Having this authority, it has been doubted whether the legislature had the lawful right to submit the question of the adoption or rejection of a municipal charter to the people for whom it was created; but the weight of authority is, and the practice is now general, to submit to those interested, and who are to take upon themselves the burdens imposed by a municipal government, if the same is established, the question as to the adoption or rejection of the charter. And this is not the delegation of legislative authority to the people. It is merely attaching a condition to the law and providing that it shall take effect upon the happening of a certain event. 1 Dillon’s Mun. Corp. sec. 23.

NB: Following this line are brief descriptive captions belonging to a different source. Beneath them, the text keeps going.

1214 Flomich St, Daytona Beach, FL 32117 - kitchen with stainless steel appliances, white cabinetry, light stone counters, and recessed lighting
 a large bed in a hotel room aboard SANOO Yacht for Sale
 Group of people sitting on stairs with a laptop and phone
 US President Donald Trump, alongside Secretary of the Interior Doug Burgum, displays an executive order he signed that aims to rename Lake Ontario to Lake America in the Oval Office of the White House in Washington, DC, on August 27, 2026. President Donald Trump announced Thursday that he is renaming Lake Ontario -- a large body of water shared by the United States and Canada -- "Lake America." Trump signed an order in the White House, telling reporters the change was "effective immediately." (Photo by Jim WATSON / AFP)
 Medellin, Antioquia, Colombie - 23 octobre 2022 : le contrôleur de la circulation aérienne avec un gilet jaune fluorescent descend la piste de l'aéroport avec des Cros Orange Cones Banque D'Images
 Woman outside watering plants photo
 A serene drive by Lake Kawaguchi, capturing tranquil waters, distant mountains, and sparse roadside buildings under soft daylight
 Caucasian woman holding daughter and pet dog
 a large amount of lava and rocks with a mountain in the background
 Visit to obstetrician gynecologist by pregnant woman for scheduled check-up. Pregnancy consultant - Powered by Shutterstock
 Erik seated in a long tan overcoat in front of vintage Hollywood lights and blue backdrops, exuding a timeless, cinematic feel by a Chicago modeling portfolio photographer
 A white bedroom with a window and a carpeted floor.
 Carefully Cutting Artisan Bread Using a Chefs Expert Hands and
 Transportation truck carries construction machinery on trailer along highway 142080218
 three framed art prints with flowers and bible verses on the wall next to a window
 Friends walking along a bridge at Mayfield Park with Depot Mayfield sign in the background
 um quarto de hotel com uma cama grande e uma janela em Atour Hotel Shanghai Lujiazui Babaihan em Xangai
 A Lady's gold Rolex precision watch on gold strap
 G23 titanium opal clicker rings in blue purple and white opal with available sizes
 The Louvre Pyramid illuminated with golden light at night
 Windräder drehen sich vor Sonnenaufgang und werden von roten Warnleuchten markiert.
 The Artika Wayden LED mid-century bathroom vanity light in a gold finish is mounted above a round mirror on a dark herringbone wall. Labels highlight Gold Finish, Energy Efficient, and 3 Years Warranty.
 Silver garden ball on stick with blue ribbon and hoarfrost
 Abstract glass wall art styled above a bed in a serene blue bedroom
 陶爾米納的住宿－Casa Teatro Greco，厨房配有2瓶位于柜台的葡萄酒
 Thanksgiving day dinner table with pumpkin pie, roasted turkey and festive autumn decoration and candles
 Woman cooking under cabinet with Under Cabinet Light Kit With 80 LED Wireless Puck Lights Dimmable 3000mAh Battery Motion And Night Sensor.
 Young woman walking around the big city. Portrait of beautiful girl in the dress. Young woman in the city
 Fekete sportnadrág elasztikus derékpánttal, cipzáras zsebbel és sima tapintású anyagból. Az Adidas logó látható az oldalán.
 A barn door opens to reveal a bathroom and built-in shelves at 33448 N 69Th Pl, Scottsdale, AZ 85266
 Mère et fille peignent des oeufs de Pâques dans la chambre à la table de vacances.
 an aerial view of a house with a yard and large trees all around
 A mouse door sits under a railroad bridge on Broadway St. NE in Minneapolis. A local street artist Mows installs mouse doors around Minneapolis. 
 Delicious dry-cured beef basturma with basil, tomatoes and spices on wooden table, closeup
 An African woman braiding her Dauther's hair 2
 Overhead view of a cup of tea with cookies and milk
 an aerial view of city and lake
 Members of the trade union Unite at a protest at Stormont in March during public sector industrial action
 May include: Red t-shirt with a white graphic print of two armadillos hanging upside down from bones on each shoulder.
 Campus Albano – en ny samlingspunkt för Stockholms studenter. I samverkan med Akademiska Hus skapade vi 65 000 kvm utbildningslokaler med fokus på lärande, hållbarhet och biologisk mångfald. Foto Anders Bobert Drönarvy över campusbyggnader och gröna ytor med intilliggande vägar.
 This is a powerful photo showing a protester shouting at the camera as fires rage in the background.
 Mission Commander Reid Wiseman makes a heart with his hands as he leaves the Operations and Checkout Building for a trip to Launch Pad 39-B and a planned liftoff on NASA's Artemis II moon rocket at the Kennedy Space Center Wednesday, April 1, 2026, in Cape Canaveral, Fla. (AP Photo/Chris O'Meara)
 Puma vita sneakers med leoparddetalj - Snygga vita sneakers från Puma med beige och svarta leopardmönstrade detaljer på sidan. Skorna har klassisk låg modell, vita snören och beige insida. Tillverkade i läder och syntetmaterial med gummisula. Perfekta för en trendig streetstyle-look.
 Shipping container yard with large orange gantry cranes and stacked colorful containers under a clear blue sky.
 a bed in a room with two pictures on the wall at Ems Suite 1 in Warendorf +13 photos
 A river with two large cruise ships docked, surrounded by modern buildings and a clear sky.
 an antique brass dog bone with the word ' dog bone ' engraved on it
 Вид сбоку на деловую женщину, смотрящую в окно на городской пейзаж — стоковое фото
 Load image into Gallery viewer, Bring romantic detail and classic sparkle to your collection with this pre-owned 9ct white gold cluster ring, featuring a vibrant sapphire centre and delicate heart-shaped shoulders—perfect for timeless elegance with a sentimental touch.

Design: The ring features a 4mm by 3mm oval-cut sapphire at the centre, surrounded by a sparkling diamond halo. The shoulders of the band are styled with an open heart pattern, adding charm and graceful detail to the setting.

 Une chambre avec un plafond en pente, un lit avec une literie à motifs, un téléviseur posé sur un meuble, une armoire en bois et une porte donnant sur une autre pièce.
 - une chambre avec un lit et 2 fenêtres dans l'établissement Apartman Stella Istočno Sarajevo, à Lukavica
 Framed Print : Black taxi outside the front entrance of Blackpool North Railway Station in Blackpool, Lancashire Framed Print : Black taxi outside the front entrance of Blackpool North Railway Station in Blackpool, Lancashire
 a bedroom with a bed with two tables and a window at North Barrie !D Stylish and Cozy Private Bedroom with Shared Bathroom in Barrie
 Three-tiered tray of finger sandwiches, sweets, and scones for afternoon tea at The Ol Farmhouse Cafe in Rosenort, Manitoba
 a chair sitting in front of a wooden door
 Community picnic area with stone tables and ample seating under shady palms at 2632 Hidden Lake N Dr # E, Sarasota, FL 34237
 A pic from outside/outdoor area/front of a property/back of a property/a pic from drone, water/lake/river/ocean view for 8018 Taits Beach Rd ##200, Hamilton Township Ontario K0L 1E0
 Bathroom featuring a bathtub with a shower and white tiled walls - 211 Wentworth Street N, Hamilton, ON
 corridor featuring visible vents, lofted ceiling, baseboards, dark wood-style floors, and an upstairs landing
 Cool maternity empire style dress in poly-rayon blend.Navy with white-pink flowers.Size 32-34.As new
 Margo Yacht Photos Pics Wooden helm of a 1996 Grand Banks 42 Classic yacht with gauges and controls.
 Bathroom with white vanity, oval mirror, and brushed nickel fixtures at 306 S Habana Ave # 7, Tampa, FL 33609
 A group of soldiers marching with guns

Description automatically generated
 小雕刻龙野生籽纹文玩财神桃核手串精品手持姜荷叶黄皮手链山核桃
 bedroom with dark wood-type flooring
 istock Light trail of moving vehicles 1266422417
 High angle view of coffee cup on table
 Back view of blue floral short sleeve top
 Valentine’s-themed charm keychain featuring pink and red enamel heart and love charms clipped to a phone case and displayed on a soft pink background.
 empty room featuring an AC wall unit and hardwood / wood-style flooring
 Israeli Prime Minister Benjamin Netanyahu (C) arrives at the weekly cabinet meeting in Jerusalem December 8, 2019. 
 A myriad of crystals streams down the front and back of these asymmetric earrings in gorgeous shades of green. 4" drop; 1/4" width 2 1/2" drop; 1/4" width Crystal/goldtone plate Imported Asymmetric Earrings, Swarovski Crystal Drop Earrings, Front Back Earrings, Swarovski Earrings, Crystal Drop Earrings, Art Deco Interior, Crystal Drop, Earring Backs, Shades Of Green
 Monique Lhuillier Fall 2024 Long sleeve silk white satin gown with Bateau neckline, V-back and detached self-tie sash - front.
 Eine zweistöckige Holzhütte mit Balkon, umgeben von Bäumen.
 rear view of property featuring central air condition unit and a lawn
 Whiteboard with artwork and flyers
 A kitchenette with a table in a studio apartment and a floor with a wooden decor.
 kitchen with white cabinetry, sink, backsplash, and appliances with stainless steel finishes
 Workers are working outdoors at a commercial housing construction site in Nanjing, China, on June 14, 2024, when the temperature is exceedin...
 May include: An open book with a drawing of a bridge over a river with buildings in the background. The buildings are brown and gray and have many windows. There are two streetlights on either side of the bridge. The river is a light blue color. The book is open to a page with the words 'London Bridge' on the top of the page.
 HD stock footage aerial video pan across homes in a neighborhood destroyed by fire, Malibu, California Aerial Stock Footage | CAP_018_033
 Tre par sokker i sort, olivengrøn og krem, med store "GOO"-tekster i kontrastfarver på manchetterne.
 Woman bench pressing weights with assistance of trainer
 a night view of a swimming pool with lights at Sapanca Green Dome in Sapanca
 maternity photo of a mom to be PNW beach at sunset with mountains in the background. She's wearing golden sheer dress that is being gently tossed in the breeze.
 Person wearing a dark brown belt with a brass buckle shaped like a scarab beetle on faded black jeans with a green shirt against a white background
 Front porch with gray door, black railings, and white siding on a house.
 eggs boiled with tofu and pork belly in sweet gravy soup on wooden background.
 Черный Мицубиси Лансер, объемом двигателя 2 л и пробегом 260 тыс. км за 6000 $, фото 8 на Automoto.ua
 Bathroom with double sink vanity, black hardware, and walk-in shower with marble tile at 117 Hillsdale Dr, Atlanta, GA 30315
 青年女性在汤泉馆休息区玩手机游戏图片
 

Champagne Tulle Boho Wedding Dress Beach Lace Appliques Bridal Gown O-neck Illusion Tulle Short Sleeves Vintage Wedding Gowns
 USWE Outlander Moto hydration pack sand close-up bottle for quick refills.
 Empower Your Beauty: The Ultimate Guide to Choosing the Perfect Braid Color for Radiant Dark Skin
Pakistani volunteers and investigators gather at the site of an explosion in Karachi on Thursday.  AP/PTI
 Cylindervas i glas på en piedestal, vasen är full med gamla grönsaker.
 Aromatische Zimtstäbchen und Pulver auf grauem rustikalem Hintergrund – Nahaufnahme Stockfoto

The legislature having absolute authority to establish a municipal government for a town or city without consulting the people of such town or city, or obtaining their consent, it follows that the legislature may cause the establishing of such municipalgovernment to depend upon the happening of any future contingency or event.

It is objected that this act of incorporation did not become a law by virtue of the will of the legislature, but by virtue of the will of the people to whom the question of its adoption was submitted. This objection is not supported by authority. The legislature may attach such conditions as to the taking effect of laws as it sees proper.

In the case of Slack v. The M. & L. Railroad Co. *20913 B. Mon. 23, the court says: “It is not essential to the character and force of a law that the legislative enactment should itself command to be done everything for which it provides. The legislative power to command a particular thing to be done includes the power to authorize it to be done. The act done under authority conferred by the legislature is precisely as legal and valid as if done in obedience to a legislative command. Each is entitled to the same force and efficacy, and each must be followed by all the consequences which, either by the general law or by the particular statute, are annexed to the particular law, because such is done in effectuation of the legislative will, and each, when done according to that will, has all the sanction which the legislative power can give. Each is, therefore, entitled to the aid of the whole power of the government to uphold it, and to 'maintain the rights flowing from it. A peremptory statute is at once mandatory and requires obedience, and thus is at once a perfect law in all respects. A statute giving authority to do or not to do, and presenting the consequences of the act done, has not, until the act is done, any mandatory effect requiring immediate obedience, except so far as it regulates the time and manner of doing the act, and expressly or impliedly commands that the agent shall not be prevented from doing it according to the discretion allowed. Beyond that it has not a mandatory effect till the act is done, and is not, until then, a perfect law as to all the purposes provided for. In other words, it does not take its final effect as a mandatory law until the discretionary act is done, upon which it is to have its final and peremptory operation. So far as such a statute confers authority and discretion, it is as obligatory from the first as the legislative power can make it. And although its ’further practical efficacy may depend upon the discretionary act of some other body or individual, it is not derived from that discretion, *210but from the will of the legislature which authorized the act and prescribed its consequences.”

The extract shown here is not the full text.